**PROMPT**
Could you restate every entry word for word, leaving the pictures out?
*****
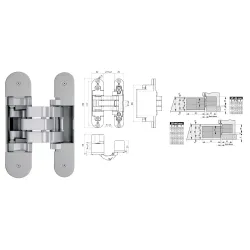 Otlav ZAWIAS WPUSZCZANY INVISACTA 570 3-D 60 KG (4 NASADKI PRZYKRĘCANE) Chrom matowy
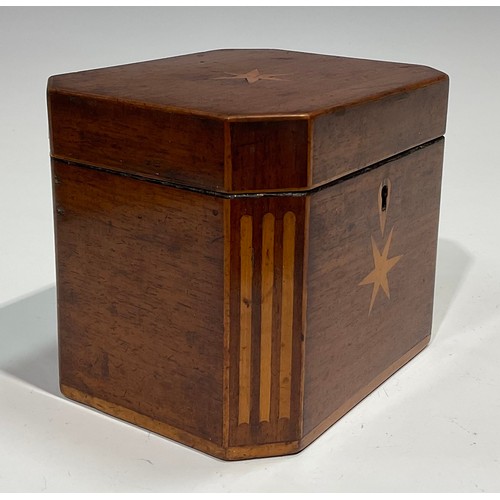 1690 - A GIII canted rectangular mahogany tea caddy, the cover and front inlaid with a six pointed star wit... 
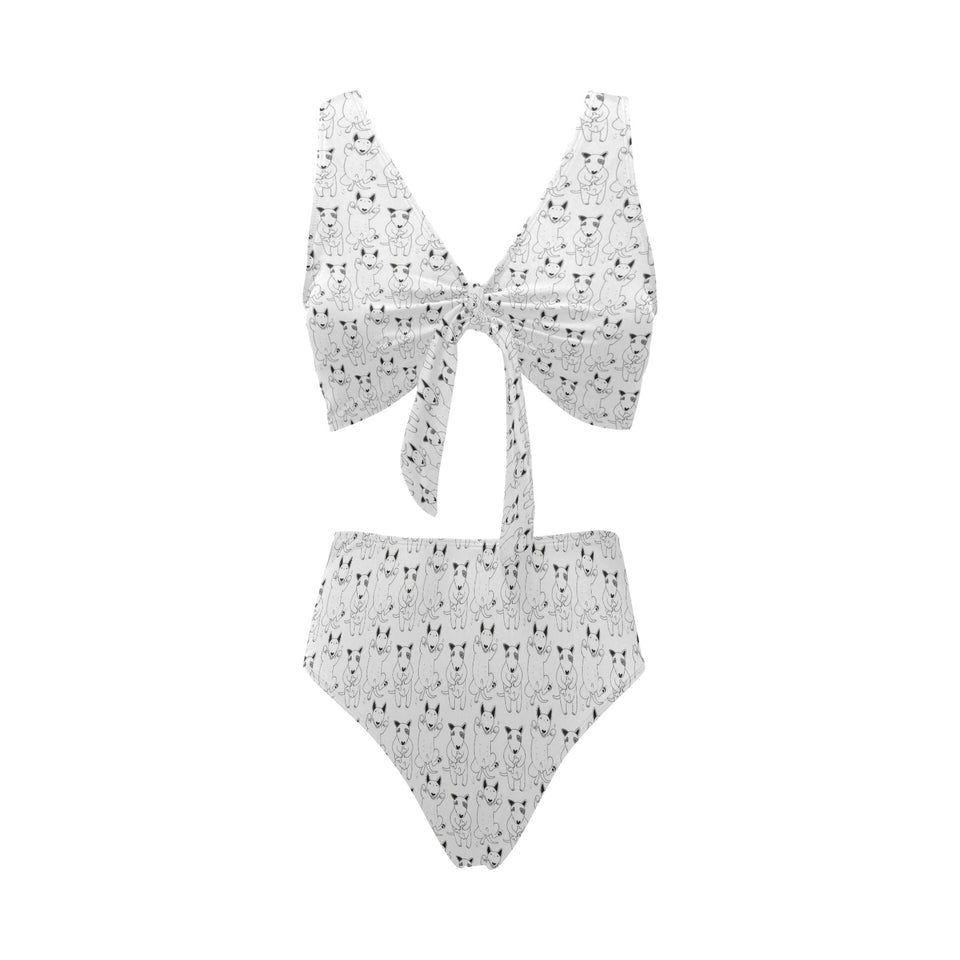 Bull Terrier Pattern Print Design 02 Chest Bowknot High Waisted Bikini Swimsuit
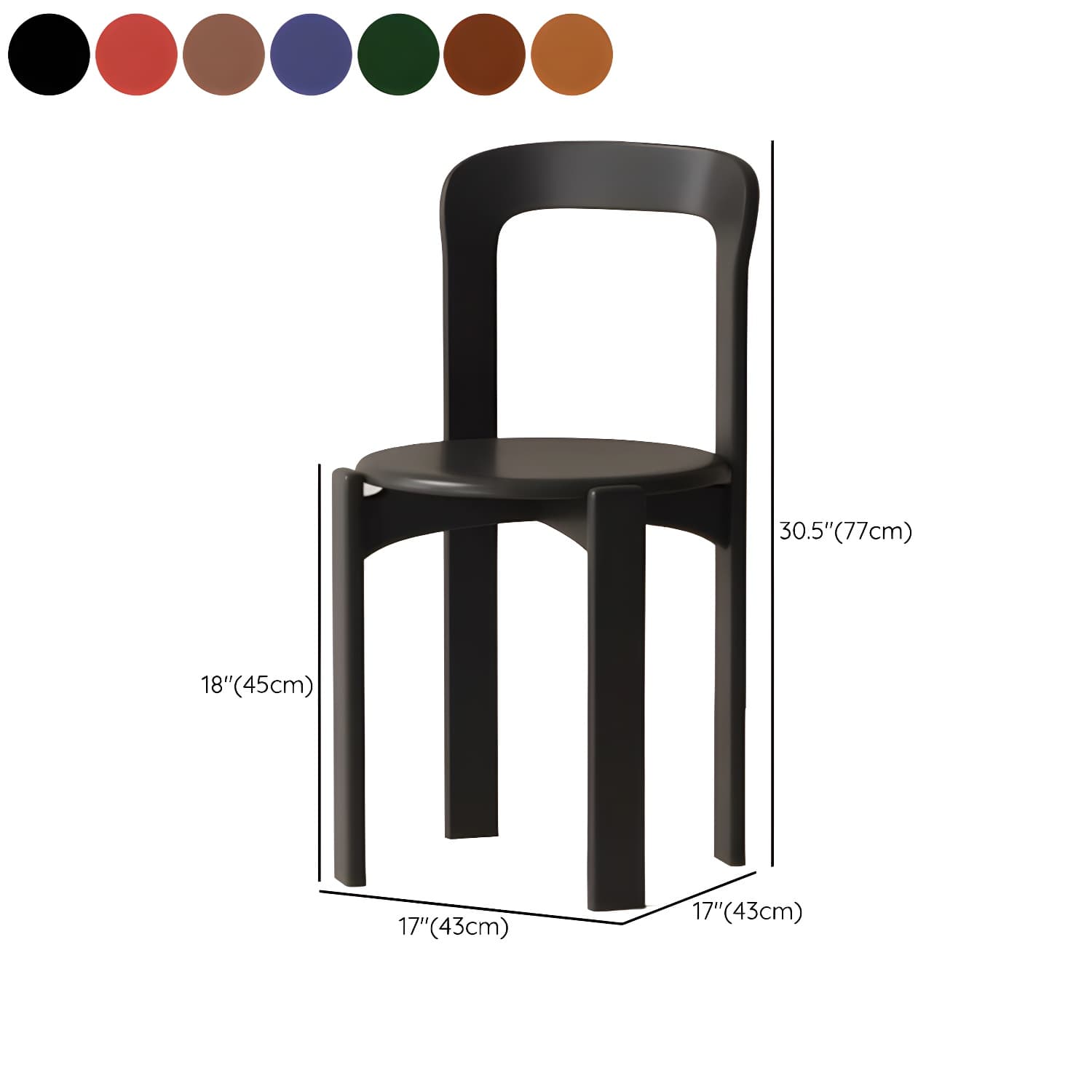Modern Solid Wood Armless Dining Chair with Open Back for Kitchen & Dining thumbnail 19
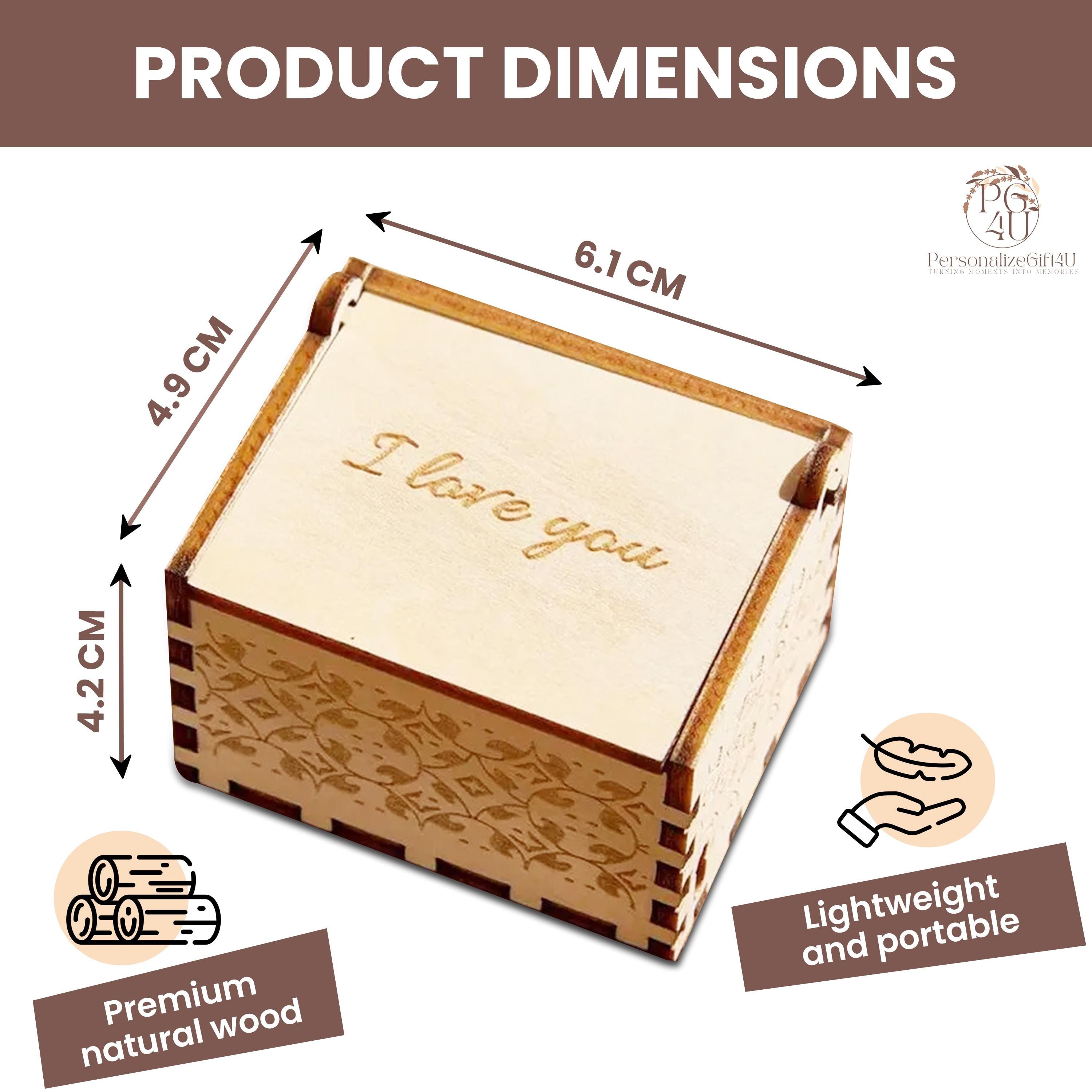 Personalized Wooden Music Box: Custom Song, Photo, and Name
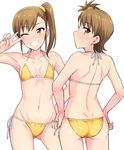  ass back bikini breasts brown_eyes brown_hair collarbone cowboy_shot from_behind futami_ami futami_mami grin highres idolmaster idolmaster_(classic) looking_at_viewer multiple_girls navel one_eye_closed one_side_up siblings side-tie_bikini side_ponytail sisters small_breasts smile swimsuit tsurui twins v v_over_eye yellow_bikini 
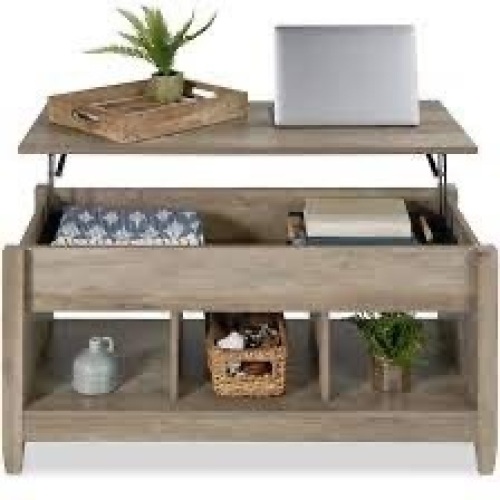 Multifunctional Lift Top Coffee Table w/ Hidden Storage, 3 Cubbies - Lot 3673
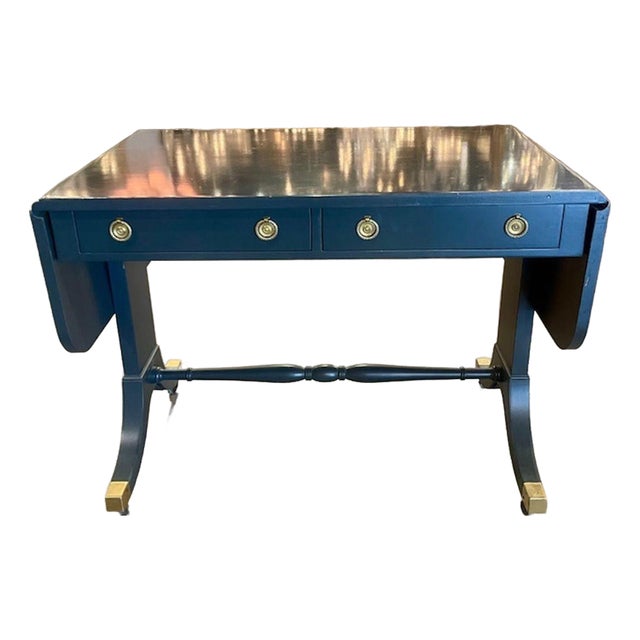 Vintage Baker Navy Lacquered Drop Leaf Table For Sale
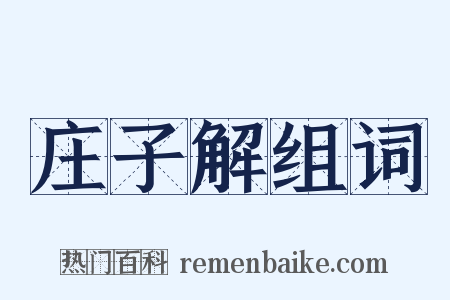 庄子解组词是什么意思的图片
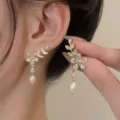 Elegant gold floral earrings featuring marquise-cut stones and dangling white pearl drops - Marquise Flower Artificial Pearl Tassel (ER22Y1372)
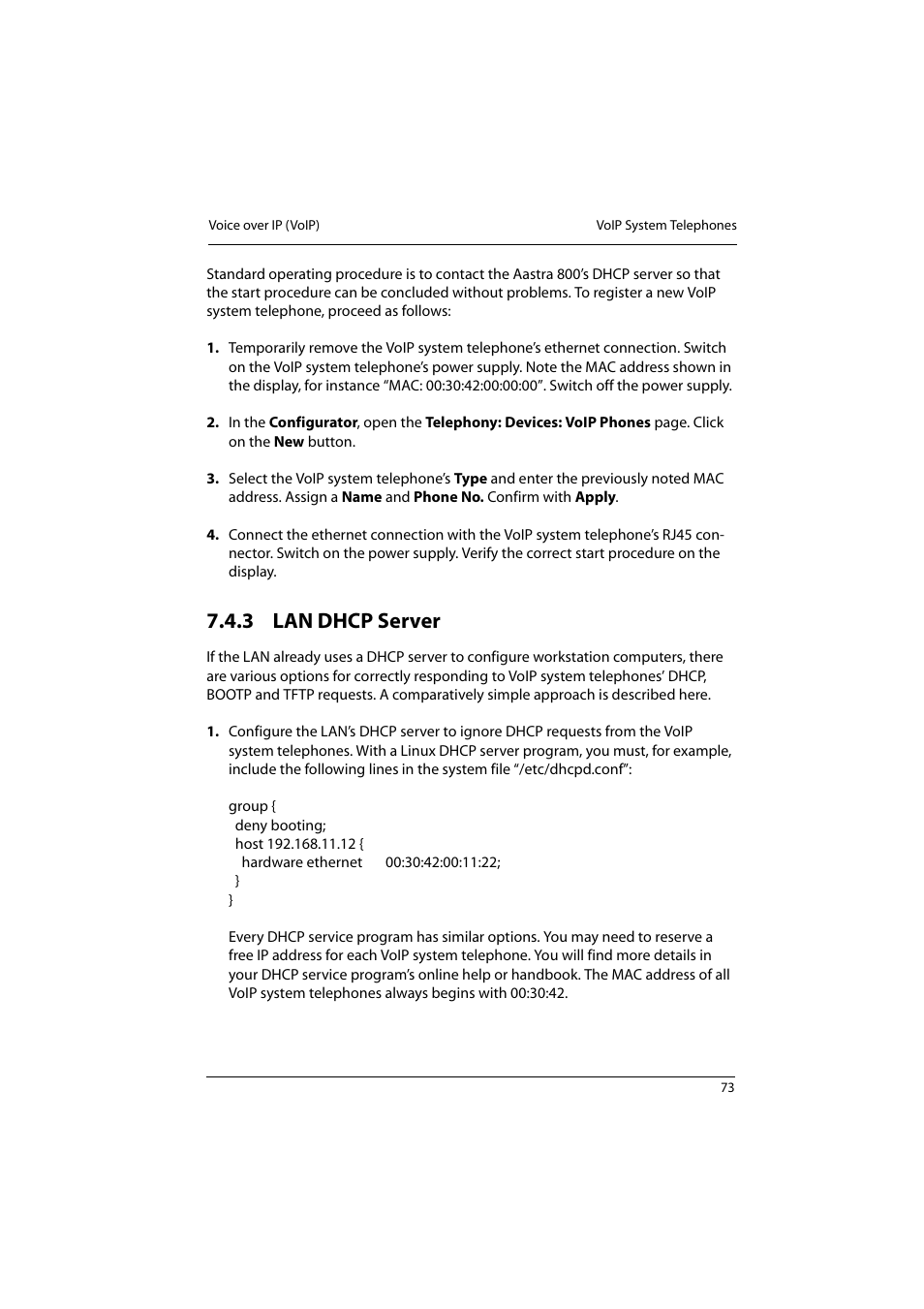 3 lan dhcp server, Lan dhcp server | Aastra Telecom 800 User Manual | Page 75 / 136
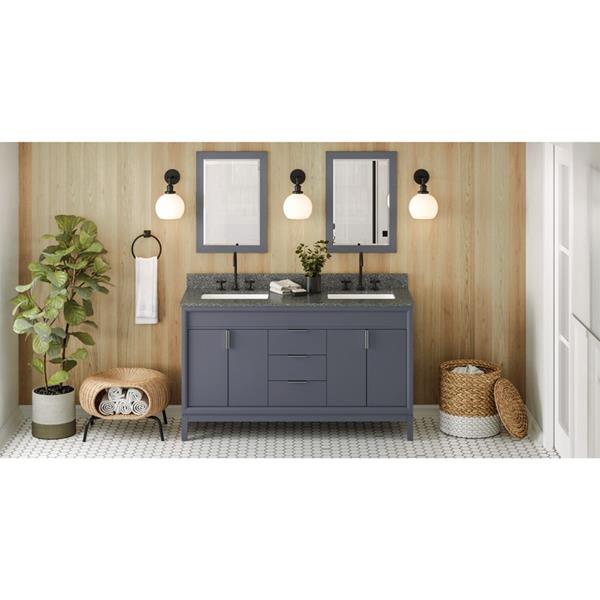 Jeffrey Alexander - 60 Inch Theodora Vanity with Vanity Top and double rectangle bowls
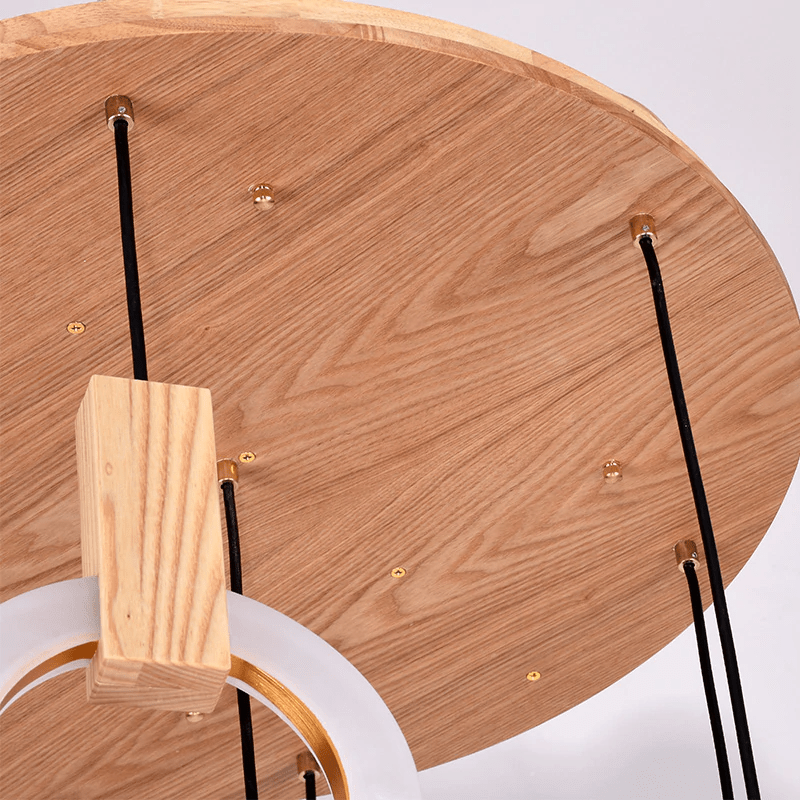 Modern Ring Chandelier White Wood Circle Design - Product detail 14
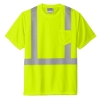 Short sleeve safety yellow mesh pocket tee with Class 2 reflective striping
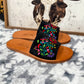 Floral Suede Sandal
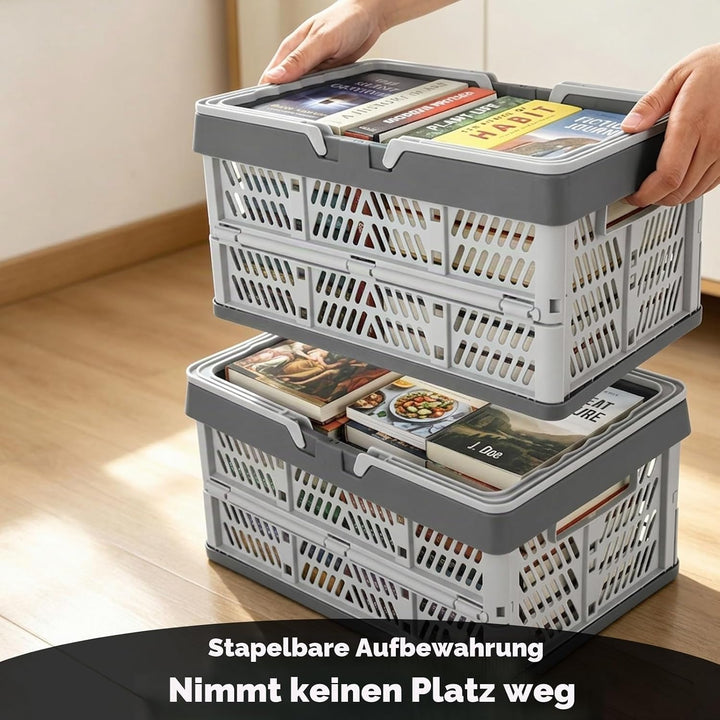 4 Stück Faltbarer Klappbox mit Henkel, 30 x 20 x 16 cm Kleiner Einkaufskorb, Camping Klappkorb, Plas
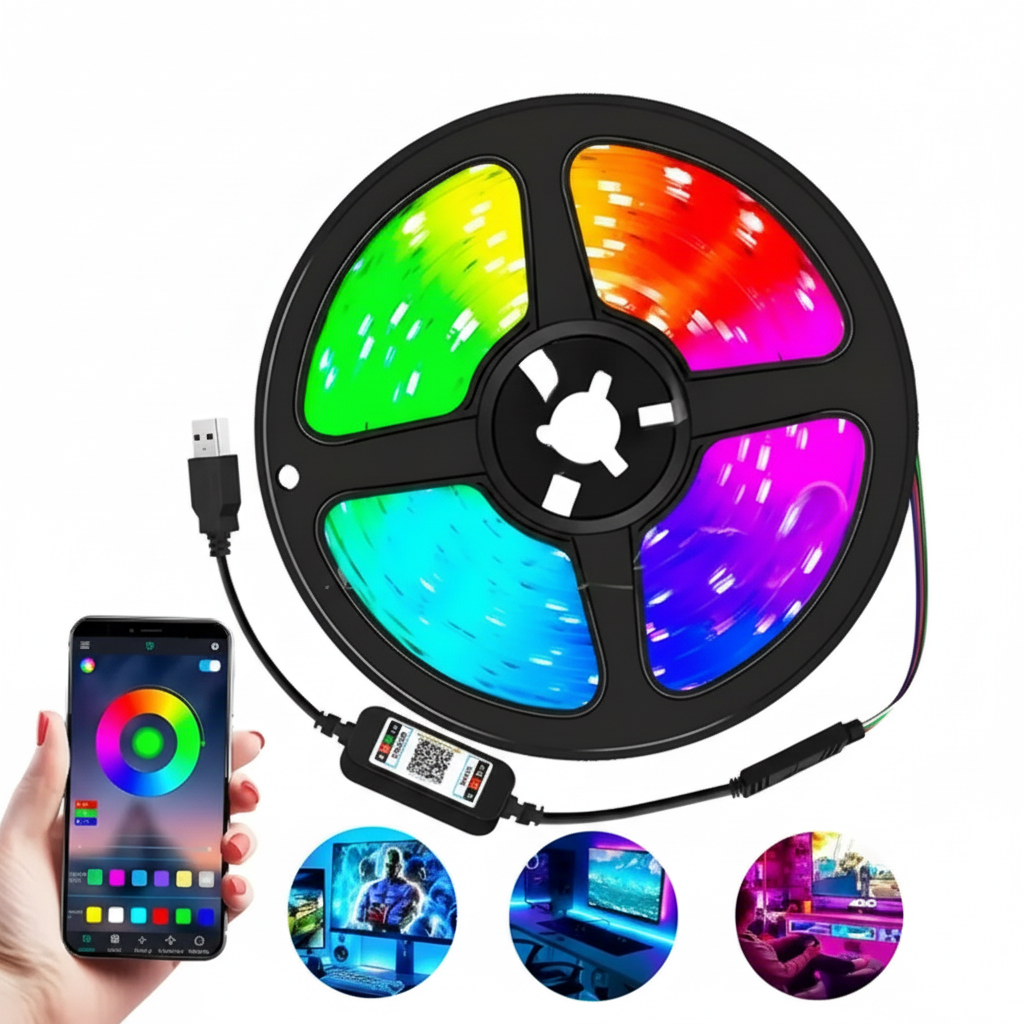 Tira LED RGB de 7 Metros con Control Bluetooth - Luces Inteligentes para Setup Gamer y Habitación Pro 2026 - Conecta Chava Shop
*****
**REPLY TO THE TASK**
 Otlav ZAWIAS WPUSZCZANY INVISACTA 570 3-D 60 KG (4 NASADKI PRZYKRĘCANE) Chrom matowy
 1690 - A GIII canted rectangular mahogany tea caddy, the cover and front inlaid with a six pointed star wit... 
 Bull Terrier Pattern Print Design 02 Chest Bowknot High Waisted Bikini Swimsuit
Modern Solid Wood Armless Dining Chair with Open Back for Kitchen & Dining thumbnail 19
 Personalized Wooden Music Box: Custom Song, Photo, and Name
  ass back bikini breasts brown_eyes brown_hair collarbone cowboy_shot from_behind futami_ami futami_mami grin highres idolmaster idolmaster_(classic) looking_at_viewer multiple_girls navel one_eye_closed one_side_up siblings side-tie_bikini side_ponytail sisters small_breasts smile swimsuit tsurui twins v v_over_eye yellow_bikini 
 Multifunctional Lift Top Coffee Table w/ Hidden Storage, 3 Cubbies - Lot 3673
 Vintage Baker Navy Lacquered Drop Leaf Table For Sale
 庄子解组词是什么意思的图片
 Elegant gold floral earrings featuring marquise-cut stones and dangling white pearl drops - Marquise Flower Artificial Pearl Tassel (ER22Y1372)
 3 lan dhcp server, Lan dhcp server | Aastra Telecom 800 User Manual | Page 75 / 136
 Jeffrey Alexander - 60 Inch Theodora Vanity with Vanity Top and double rectangle bowls
 Modern Ring Chandelier White Wood Circle Design - Product detail 14
 Short sleeve safety yellow mesh pocket tee with Class 2 reflective striping
 Floral Suede Sandal
 4 Stück Faltbarer Klappbox mit Henkel, 30 x 20 x 16 cm Kleiner Einkaufskorb, Camping Klappkorb, Plas
 Tira LED RGB de 7 Metros con Control Bluetooth - Luces Inteligentes para Setup Gamer y Habitación Pro 2026 - Conecta Chava Shop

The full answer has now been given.